Instructions for the task » In full and without alteration, return the records below.

Short web captions
============================================================
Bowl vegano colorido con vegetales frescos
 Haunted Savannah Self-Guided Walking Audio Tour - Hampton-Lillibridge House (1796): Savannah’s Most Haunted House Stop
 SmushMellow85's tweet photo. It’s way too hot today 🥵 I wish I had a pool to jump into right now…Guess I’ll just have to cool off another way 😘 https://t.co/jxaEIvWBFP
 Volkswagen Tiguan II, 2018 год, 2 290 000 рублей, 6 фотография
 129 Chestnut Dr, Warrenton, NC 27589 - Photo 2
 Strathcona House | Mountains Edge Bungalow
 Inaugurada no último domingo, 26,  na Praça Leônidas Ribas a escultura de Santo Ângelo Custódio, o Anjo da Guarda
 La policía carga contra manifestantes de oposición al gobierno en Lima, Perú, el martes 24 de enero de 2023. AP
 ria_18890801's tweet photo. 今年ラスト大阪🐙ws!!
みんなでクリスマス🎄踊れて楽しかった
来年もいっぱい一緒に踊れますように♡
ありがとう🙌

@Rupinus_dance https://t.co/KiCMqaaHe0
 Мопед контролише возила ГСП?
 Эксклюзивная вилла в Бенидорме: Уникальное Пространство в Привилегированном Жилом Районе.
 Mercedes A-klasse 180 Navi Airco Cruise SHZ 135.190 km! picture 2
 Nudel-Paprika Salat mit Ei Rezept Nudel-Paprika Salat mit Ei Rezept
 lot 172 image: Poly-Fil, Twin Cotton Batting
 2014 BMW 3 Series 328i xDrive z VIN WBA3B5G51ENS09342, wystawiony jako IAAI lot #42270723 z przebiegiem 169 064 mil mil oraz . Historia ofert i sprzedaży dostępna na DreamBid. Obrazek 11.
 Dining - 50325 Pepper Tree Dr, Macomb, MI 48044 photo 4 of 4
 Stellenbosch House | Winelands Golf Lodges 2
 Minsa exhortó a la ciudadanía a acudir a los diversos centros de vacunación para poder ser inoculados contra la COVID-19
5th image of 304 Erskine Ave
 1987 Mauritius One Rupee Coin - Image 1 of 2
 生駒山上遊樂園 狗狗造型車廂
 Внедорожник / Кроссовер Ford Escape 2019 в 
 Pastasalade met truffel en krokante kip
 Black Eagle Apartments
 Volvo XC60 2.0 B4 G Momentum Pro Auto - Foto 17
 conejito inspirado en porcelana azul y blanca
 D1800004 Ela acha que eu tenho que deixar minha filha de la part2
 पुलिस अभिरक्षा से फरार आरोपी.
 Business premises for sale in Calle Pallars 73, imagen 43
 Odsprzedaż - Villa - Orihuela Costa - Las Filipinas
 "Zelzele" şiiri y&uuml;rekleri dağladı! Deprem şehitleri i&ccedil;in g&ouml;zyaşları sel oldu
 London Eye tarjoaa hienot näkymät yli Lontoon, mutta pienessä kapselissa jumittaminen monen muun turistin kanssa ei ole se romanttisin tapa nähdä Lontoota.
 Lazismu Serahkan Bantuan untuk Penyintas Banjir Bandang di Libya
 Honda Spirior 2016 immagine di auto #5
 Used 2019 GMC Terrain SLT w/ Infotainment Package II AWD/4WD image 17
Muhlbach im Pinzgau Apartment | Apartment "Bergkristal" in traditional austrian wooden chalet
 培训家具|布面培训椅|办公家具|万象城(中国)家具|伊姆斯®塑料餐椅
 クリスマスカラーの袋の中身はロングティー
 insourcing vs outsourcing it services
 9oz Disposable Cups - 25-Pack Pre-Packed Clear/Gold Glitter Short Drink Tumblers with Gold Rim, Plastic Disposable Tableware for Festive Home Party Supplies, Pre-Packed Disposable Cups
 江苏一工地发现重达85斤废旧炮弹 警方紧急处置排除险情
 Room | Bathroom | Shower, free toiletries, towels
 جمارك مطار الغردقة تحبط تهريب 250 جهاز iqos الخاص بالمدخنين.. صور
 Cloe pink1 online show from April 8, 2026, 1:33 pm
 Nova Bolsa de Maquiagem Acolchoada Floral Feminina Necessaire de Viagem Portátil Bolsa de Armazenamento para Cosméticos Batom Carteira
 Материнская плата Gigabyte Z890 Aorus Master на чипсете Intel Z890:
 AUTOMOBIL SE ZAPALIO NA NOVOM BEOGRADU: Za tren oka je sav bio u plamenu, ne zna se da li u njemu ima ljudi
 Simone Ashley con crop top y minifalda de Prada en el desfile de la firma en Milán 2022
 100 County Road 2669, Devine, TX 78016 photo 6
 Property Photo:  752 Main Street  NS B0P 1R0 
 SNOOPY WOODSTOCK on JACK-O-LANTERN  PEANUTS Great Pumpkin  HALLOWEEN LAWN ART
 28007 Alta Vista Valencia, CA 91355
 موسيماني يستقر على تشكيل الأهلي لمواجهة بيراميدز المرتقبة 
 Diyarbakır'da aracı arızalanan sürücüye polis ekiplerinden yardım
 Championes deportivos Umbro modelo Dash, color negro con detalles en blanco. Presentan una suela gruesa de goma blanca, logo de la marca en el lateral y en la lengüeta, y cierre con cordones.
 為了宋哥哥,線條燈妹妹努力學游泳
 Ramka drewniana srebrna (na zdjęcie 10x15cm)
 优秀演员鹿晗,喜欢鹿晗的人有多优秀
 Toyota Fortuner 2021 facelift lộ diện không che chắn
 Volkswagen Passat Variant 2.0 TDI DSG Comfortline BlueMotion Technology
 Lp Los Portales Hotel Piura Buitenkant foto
============================================================
Answer section »
Bowl vegano colorido con vegetales frescos
 Haunted Savannah Self-Guided Walking Audio Tour - Hampton-Lillibridge House (1796): Savannah’s Most Haunted House Stop
 SmushMellow85's tweet photo. It’s way too hot today 🥵 I wish I had a pool to jump into right now…Guess I’ll just have to cool off another way 😘 https://t.co/jxaEIvWBFP
 Volkswagen Tiguan II, 2018 год, 2 290 000 рублей, 6 фотография
 129 Chestnut Dr, Warrenton, NC 27589 - Photo 2
 Strathcona House | Mountains Edge Bungalow
 Inaugurada no último domingo, 26,  na Praça Leônidas Ribas a escultura de Santo Ângelo Custódio, o Anjo da Guarda
 La policía carga contra manifestantes de oposición al gobierno en Lima, Perú, el martes 24 de enero de 2023. AP
 ria_18890801's tweet photo. 今年ラスト大阪🐙ws!!
みんなでクリスマス🎄踊れて楽しかった
来年もいっぱい一緒に踊れますように♡
ありがとう🙌

@Rupinus_dance https://t.co/KiCMqaaHe0
 Мопед контролише возила ГСП?
 Эксклюзивная вилла в Бенидорме: Уникальное Пространство в Привилегированном Жилом Районе.
 Mercedes A-klasse 180 Navi Airco Cruise SHZ 135.190 km! picture 2
 Nudel-Paprika Salat mit Ei Rezept Nudel-Paprika Salat mit Ei Rezept
 lot 172 image: Poly-Fil, Twin Cotton Batting
 2014 BMW 3 Series 328i xDrive z VIN WBA3B5G51ENS09342, wystawiony jako IAAI lot #42270723 z przebiegiem 169 064 mil mil oraz . Historia ofert i sprzedaży dostępna na DreamBid. Obrazek 11.
 Dining - 50325 Pepper Tree Dr, Macomb, MI 48044 photo 4 of 4
 Stellenbosch House | Winelands Golf Lodges 2
 Minsa exhortó a la ciudadanía a acudir a los diversos centros de vacunación para poder ser inoculados contra la COVID-19
5th image of 304 Erskine Ave
 1987 Mauritius One Rupee Coin - Image 1 of 2
 生駒山上遊樂園 狗狗造型車廂
 Внедорожник / Кроссовер Ford Escape 2019 в 
 Pastasalade met truffel en krokante kip
 Black Eagle Apartments
 Volvo XC60 2.0 B4 G Momentum Pro Auto - Foto 17
 conejito inspirado en porcelana azul y blanca
 D1800004 Ela acha que eu tenho que deixar minha filha de la part2
 पुलिस अभिरक्षा से फरार आरोपी.
 Business premises for sale in Calle Pallars 73, imagen 43
 Odsprzedaż - Villa - Orihuela Costa - Las Filipinas
 "Zelzele" şiiri y&uuml;rekleri dağladı! Deprem şehitleri i&ccedil;in g&ouml;zyaşları sel oldu
 London Eye tarjoaa hienot näkymät yli Lontoon, mutta pienessä kapselissa jumittaminen monen muun turistin kanssa ei ole se romanttisin tapa nähdä Lontoota.
 Lazismu Serahkan Bantuan untuk Penyintas Banjir Bandang di Libya
 Honda Spirior 2016 immagine di auto #5
 Used 2019 GMC Terrain SLT w/ Infotainment Package II AWD/4WD image 17
Muhlbach im Pinzgau Apartment | Apartment "Bergkristal" in traditional austrian wooden chalet
 培训家具|布面培训椅|办公家具|万象城(中国)家具|伊姆斯®塑料餐椅
 クリスマスカラーの袋の中身はロングティー
 insourcing vs outsourcing it services
 9oz Disposable Cups - 25-Pack Pre-Packed Clear/Gold Glitter Short Drink Tumblers with Gold Rim, Plastic Disposable Tableware for Festive Home Party Supplies, Pre-Packed Disposable Cups
 江苏一工地发现重达85斤废旧炮弹 警方紧急处置排除险情
 Room | Bathroom | Shower, free toiletries, towels
 جمارك مطار الغردقة تحبط تهريب 250 جهاز iqos الخاص بالمدخنين.. صور
 Cloe pink1 online show from April 8, 2026, 1:33 pm
 Nova Bolsa de Maquiagem Acolchoada Floral Feminina Necessaire de Viagem Portátil Bolsa de Armazenamento para Cosméticos Batom Carteira
 Материнская плата Gigabyte Z890 Aorus Master на чипсете Intel Z890:
 AUTOMOBIL SE ZAPALIO NA NOVOM BEOGRADU: Za tren oka je sav bio u plamenu, ne zna se da li u njemu ima ljudi
 Simone Ashley con crop top y minifalda de Prada en el desfile de la firma en Milán 2022
 100 County Road 2669, Devine, TX 78016 photo 6
 Property Photo:  752 Main Street  NS B0P 1R0 
 SNOOPY WOODSTOCK on JACK-O-LANTERN  PEANUTS Great Pumpkin  HALLOWEEN LAWN ART
 28007 Alta Vista Valencia, CA 91355
 موسيماني يستقر على تشكيل الأهلي لمواجهة بيراميدز المرتقبة 
 Diyarbakır'da aracı arızalanan sürücüye polis ekiplerinden yardım
 Championes deportivos Umbro modelo Dash, color negro con detalles en blanco. Presentan una suela gruesa de goma blanca, logo de la marca en el lateral y en la lengüeta, y cierre con cordones.
 為了宋哥哥,線條燈妹妹努力學游泳
 Ramka drewniana srebrna (na zdjęcie 10x15cm)
 优秀演员鹿晗,喜欢鹿晗的人有多优秀
 Toyota Fortuner 2021 facelift lộ diện không che chắn
 Volkswagen Passat Variant 2.0 TDI DSG Comfortline BlueMotion Technology
 Lp Los Portales Hotel Piura Buitenkant foto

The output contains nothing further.